На желто-золотых соломенных циновках никакой мебели. Только низкий полированный столик с единственным цветком в высокой керамической вазе, изогнувшим стебель так грациозно, что невольно подозреваешь в горничной, которая поставила этот цветок, выпускницу художественного вуза. В простенке свисает «какэмоно» — длинный и узкий свиток. На белом фоне ветка сосны. Кажется, что дунет ветерок, и ветка шевельнется, и, ожидая этого, не можешь отвести от нее глаз. Номер гидов так и назывался: «Сосновый».

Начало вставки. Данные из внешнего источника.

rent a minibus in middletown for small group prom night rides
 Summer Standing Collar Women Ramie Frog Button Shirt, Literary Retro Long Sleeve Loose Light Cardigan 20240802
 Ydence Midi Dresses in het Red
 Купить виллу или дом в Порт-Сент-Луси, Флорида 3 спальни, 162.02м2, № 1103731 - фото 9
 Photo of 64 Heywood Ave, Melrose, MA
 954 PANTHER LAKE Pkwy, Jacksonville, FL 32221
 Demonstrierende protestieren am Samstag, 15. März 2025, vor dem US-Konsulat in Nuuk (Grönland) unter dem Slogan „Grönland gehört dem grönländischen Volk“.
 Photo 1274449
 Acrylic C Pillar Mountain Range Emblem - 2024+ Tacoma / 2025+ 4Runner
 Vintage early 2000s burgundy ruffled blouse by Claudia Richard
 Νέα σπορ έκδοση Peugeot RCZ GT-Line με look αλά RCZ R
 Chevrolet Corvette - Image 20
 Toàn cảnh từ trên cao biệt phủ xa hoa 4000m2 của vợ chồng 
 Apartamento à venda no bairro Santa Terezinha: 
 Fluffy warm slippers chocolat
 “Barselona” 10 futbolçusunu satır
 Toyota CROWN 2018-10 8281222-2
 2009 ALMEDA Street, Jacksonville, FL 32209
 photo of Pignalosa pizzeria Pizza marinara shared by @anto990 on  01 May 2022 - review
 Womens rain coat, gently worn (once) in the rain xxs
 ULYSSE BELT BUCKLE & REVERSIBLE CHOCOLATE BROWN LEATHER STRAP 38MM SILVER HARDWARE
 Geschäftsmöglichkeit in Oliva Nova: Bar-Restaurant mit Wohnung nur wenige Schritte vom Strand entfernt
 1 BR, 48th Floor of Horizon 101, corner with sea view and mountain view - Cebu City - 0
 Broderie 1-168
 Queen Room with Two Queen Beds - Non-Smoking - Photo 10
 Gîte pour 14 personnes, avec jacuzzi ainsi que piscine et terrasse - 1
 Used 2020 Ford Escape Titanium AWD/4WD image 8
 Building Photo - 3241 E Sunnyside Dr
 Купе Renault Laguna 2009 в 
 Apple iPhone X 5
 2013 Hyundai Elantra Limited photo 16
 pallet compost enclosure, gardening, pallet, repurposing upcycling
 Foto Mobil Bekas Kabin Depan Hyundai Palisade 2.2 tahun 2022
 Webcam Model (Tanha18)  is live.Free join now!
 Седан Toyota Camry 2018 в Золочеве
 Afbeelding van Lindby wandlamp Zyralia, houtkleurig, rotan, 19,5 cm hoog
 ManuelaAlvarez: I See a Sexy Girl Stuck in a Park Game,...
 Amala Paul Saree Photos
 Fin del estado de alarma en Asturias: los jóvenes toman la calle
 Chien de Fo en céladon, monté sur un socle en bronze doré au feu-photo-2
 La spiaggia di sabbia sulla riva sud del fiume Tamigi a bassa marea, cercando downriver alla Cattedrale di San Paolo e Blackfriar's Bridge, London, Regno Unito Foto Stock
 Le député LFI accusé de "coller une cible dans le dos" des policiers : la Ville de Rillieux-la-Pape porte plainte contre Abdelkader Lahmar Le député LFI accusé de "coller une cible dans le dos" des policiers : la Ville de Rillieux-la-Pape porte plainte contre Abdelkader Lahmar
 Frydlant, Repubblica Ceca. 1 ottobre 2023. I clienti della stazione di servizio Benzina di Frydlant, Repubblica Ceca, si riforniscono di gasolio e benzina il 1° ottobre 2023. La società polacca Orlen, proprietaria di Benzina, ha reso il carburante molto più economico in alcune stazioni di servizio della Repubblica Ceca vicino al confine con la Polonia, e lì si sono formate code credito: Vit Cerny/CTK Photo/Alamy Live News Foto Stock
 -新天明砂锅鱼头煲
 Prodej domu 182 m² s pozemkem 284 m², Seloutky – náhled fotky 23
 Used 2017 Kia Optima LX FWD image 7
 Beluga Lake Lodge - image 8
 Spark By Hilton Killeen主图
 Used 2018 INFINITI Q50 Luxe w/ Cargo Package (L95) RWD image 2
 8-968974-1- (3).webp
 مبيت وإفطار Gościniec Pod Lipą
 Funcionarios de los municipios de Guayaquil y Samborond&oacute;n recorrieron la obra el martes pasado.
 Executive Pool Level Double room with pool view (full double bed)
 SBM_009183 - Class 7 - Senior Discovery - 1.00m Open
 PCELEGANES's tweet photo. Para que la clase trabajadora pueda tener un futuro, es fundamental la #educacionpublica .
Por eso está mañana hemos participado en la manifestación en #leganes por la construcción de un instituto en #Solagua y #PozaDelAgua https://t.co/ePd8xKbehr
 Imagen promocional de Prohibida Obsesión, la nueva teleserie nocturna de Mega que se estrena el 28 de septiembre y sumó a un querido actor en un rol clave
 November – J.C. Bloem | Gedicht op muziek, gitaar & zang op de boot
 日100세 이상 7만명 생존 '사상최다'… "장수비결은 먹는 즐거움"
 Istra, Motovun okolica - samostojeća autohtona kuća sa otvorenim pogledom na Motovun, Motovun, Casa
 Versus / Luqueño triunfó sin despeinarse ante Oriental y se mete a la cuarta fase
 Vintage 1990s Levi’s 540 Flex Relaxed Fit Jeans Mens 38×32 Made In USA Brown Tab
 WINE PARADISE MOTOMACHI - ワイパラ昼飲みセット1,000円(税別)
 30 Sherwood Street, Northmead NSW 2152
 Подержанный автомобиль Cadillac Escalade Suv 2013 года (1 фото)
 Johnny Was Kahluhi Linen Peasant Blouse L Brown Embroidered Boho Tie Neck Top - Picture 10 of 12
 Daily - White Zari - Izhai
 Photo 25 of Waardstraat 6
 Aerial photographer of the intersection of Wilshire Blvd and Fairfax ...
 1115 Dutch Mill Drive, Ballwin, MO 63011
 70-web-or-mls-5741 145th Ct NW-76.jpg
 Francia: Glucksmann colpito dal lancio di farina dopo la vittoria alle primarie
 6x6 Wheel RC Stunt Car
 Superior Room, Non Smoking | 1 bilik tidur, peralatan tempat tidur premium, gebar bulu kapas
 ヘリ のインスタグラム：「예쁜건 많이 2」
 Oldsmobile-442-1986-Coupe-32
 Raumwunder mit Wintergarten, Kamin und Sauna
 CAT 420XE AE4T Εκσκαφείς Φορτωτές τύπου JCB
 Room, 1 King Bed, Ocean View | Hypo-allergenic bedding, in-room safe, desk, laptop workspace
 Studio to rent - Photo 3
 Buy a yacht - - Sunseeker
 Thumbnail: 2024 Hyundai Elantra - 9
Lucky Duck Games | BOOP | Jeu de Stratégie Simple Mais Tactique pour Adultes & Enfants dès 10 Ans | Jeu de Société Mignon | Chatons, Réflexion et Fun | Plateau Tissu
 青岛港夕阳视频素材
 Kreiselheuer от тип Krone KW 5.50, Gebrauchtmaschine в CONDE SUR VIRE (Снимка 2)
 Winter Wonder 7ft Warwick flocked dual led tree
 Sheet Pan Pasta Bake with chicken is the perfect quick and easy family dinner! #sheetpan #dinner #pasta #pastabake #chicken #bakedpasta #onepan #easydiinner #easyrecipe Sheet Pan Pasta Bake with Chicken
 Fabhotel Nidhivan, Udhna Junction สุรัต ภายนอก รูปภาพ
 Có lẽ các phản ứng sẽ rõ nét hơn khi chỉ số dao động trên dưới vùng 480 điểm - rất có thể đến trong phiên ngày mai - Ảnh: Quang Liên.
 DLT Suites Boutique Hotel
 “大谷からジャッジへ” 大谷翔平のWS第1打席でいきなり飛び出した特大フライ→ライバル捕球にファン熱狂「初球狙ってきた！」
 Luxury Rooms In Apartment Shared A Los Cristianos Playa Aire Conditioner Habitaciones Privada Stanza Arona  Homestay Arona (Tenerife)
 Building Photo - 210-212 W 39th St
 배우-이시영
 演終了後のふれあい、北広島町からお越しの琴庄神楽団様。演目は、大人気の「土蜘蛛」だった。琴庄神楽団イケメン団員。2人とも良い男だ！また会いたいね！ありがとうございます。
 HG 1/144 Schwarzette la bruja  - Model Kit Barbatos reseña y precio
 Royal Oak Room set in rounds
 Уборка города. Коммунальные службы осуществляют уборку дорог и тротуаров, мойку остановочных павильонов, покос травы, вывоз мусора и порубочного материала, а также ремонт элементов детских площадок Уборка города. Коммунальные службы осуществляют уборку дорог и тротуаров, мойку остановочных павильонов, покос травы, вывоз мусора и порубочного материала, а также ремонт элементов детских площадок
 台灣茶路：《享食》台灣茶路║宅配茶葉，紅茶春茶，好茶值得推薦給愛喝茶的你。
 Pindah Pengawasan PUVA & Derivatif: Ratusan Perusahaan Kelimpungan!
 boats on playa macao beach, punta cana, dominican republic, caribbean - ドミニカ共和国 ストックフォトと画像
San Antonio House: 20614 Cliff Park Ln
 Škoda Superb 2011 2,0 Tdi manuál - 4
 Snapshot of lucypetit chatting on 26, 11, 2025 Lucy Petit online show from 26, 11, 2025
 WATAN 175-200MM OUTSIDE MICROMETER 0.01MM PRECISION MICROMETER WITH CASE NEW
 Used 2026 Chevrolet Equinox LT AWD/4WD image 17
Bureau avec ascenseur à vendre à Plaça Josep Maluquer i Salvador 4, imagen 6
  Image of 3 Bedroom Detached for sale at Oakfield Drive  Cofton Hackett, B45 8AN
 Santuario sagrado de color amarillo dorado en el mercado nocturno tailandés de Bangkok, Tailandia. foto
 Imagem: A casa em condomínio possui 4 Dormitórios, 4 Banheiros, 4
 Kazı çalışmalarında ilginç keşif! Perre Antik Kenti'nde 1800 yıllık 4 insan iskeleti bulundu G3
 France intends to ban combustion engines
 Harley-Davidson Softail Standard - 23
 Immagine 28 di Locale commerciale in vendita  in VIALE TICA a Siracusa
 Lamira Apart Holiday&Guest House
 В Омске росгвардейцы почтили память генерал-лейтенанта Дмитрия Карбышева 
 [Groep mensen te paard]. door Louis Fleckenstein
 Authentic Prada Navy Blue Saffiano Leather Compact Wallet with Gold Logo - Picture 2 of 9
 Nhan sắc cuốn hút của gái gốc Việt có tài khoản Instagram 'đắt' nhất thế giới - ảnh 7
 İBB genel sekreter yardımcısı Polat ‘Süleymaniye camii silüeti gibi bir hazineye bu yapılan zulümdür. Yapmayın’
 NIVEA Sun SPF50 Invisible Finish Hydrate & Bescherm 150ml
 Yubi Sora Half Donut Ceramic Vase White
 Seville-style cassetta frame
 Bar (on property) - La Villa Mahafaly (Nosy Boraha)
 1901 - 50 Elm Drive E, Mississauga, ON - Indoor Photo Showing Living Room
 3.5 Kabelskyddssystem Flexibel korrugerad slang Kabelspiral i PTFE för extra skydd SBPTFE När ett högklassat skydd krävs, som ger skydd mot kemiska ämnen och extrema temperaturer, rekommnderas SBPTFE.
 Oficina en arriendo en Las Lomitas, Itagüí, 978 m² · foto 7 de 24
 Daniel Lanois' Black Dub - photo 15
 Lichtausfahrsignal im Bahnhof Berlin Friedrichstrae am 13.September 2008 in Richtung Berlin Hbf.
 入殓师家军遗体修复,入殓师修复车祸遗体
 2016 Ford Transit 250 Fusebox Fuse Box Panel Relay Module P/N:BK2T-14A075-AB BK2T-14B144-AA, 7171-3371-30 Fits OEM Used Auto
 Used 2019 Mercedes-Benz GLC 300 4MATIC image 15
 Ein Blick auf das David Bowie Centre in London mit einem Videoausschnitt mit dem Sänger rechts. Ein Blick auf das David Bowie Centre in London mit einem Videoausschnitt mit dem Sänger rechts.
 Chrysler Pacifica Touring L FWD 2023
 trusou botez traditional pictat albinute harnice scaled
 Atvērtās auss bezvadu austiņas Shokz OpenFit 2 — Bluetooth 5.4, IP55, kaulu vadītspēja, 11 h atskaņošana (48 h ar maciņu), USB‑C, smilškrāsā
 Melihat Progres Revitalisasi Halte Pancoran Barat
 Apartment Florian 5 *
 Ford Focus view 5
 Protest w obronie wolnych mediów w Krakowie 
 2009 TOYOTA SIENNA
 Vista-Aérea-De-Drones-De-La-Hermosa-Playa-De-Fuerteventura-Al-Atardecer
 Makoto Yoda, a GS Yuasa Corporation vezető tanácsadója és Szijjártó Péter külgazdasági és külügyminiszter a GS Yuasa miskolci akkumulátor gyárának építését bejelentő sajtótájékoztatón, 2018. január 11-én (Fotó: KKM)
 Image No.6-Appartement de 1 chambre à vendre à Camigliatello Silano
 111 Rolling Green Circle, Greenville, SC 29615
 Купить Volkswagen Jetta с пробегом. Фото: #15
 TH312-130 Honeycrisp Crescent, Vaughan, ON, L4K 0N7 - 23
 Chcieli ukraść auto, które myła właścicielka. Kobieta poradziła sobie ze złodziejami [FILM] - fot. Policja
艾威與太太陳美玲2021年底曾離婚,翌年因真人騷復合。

Облачившись в ночные кимоно, трое студентов лежали на полу. Когда настанет время укладываться спать, постели им расстелют прямо на циновках. Четвертый студент, сидя на корточках, что-то декламировал. Один из студентов следил по толстой книге и поправлял, когда товарищ ошибался.

— Готовитесь к концерту самодеятельности? — спросил я.

Студенты подняли удивленные лица, а тот, что держал книгу, захлопнул ее и подал мне. Кант. «Критика чистого разума», — прочел я на обложке.

— Через неделю семинар по философии Канта, вот мы и занимаемся, — объяснили студенты.

Я вернулся в XX век.

Студенты подвинулись, освобождая мне место, я опустился на циновку, и сидевший на корточках студент, прикрыв веки, продолжил певуче и негромко:

— В метафизической дедукции априорное происхождение категорий вообще было доказано их полным сходством...

— Не сходством, а совпадением, — прервал студент с книгой в руках.

— Да, да, верно, — декламировавший Канта студент открыл глаза. — ...Было доказано их полным совпадением со всеобщими логическими функциями мышления.

Я слышал, что зубрежка — основной метод обучения в японских учебных заведениях, знал, что многие преподаватели всерьез считают: заучивание наизусть позволяет проникнуть в глубь предмета, и все же чтение на память целой главы из Канта повергло меня в изумление.

Когда студенты сделали перерыв, разлили по чашкам зеленый чай и закурили, я спросил:

— Ну а сами-то вы как относитесь к такому изучению философии?

— Тут ничего не поделаешь, — безразлично ответил один.

— У нас считается признаком особой образованности и высокой воспитанности не высказывать собственного мнения и дословно повторять то, что написано в учебнике или сказано преподавателем, — добавил другой. В словах его явственно прозвучала горечь.

«Вот она, причина, почему те, в Киото, — Итиро Иосида, «революционный бунтарь», «борец за чистоту марксизма» и «боец революции», и те, что устроили резню на горе Харуна и захватили пансионат «Асама сансо», не смогли критически отнестись к маоистским идеям», — подумал я. Они просто заучили их, не увидев в маоизме ни антинаучности, ни антиисторизма. Вспомнился газетный отчет о судебном заседании, разбиравшем дело «Рэнго сэкигун». Судья предложил «рэнгосэкигуновцу» изложить свои политические взгляды, но тот не смог, как написано в отчете, «свести концы с концами, и назначенный судом адвокат вынужден был помочь ему привести в порядок аргументы».